TASK PROMPT ->
Leave out the lines before the one with "used 2022 Ford Edge car, priced at $19,796"; output that line and all remaining lines of the records exactly.

═══ MATERIAL FOR THE TASK ═══

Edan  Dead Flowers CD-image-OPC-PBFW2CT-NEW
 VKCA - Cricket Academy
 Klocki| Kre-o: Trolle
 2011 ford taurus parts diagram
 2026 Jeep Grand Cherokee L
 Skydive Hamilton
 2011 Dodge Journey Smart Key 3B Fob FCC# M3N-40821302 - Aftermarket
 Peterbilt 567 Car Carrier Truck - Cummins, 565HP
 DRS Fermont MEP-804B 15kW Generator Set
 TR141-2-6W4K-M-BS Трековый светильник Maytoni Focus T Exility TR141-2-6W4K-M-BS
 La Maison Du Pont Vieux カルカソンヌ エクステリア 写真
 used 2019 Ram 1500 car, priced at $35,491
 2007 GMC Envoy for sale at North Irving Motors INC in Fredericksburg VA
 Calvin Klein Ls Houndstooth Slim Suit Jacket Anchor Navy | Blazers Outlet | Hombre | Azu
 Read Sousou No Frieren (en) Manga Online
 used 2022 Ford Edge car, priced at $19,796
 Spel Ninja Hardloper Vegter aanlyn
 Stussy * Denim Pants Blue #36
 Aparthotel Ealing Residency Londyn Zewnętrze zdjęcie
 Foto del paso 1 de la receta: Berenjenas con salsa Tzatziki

═══

FINISHED TASK ->
 used 2022 Ford Edge car, priced at $19,796
 Spel Ninja Hardloper Vegter aanlyn
 Stussy * Denim Pants Blue #36
 Aparthotel Ealing Residency Londyn Zewnętrze zdjęcie
 Foto del paso 1 de la receta: Berenjenas con salsa Tzatziki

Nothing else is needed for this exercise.